Carta aos que ousam aprender

[Esta é uma carta endereçada aos adolescentes que foram, nos últimos meses, meus alunos e alunas no ensino médio em um colégio de elite da rede particular do interior paulista. Em sua grande maioria [esmagadora] são adolescentes brancos, filhos de famílias altamente escolarizadas, que moram em condomínios e têm a escola como centro de seu cotidiano.]

Queridxs (ex) estudantes das minhas aulas de sociologia;

Quando descobri que gostava de ensinar acompanhar o processo de aprendizado de pessoas de diversas idades, me deparei com um livro de Paulo Freire. O livro se chamada “Cartas a quem ousa ensinar”. É um belo livro, mesmo eu preferindo não usar jamais a palavra “ensinar” nessa relação entre professora e estudantes. Vocês sabiam, aliás, que em algumas línguas como francês e holandês, a palavra “ensinar-aprender” é uma só? Como se isso já não fosse lindo, ela nada tem a ver nessas duas línguas com os radicais de “ensinar” que eu conheço. É só aprender. Eu aprendo, você aprende. Eu te aprendo, você me aprende. Massa, não?
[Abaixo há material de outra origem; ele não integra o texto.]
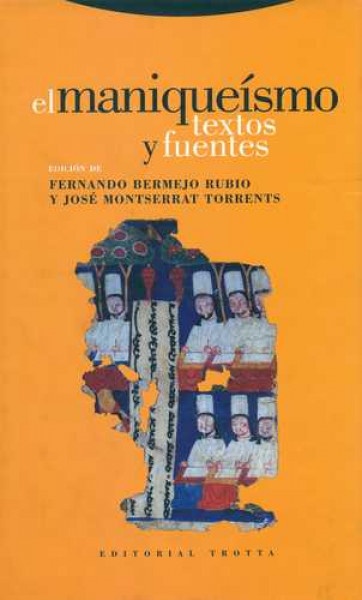 El maniqueismo. Fuentes y textos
Essa unificação do verbo faz todo sentido na minha cabeça, agora que faz dez anos que comecei a dar aulas. Dar aulas, aliás (é sempre bom lembrar), é outra coisa ainda, que muitas vezes não tem nada a ver com aprender. Quantos professores vocês já tiveram (ou ainda têm) que não aprenderam vocês, nadinha de nada, em absoluto? Pois é. Não é incomum. Essa era minha missão pessoal, desde o início: saber vocês, enquanto dividia um pouco das informações e do conhecimento sobre sociologia que acumulei nos últimos 8 anos de minha vida.

A educação não é uma coisa, nem um bem. É um processo. Como todo e qualquer processo, não há um indivíduo que detém aquela coisa e simplesmente transmite aos demais. A educação acontece com as pessoas, e somos cada um de nós os protagonistas dessa jornada. Quando as relações pessoais e afetivas fazem parte desse processo, ele nos cativa. E aprendemos mais. Taí o Vygostky que não me deixa mentir.
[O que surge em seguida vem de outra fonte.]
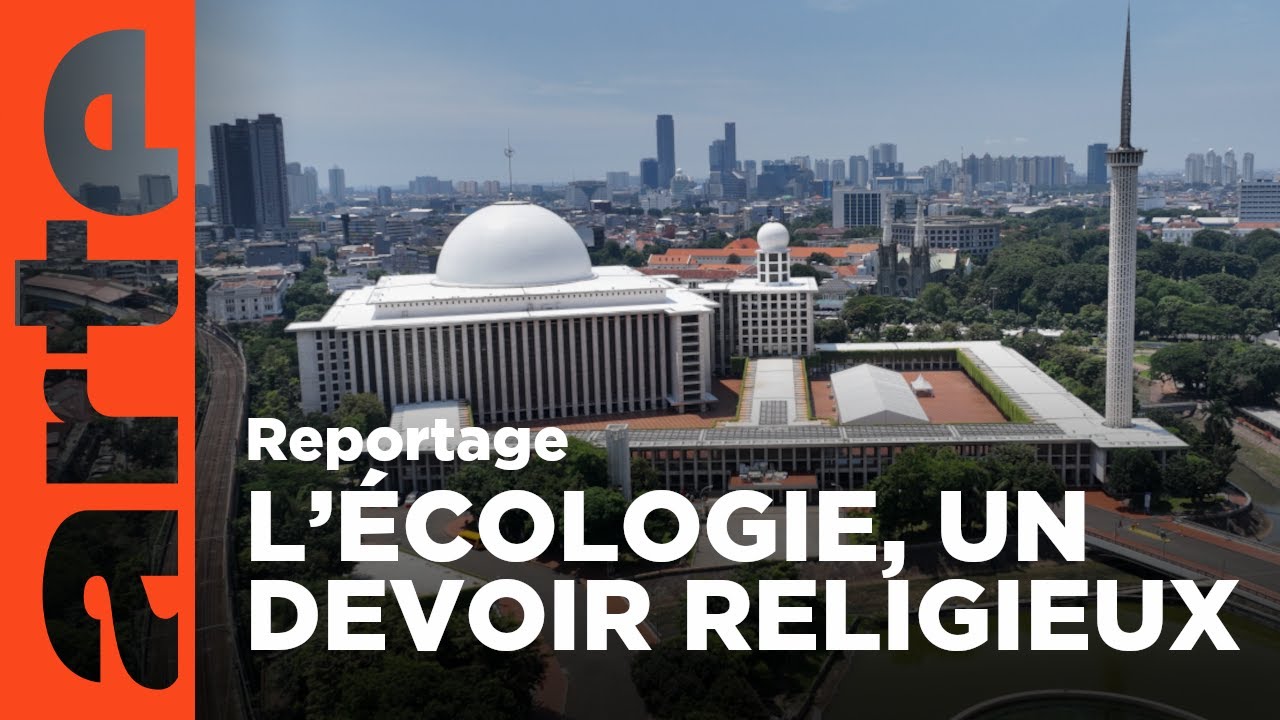 Indonésie : le pari de l’islam vert | ARTE Reportage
O aprendizado, esse processo que se confunde um pouco com a educação (se é que não são a mesmíssima coisa), passa longe de uma série de formatos que nosso sistema escolar insiste em reproduzir. Um deles é a prova. Alguns tipos de prova podem ser úteis, a prova pode motivar, enfim, há coisas interessantes nessa ferramenta que se chama “prova”. O grande erro – e a grande mentira que nossa sociedade conta a vocês – é que as provas medem o quanto vocês aprendem. Quando a escola classifica vocês em salas pelas notas da prova, é isso que ela está dizendo e reforçando. A essa altura do campeonato, eu imagino que vocês já tenham percebido isso. Outro dia umx de vocês me disse que antes tirava notas melhores em sociologia, mas com as minhas aulas sentia que estava aprendendo mais. Pois é isso aí, as provas não medem nada. Elas podem ser úteis ou eficazes para outras coisas, mas definitivamente não traduzem o processo de aprendizado de ninguém em escalas numéricas.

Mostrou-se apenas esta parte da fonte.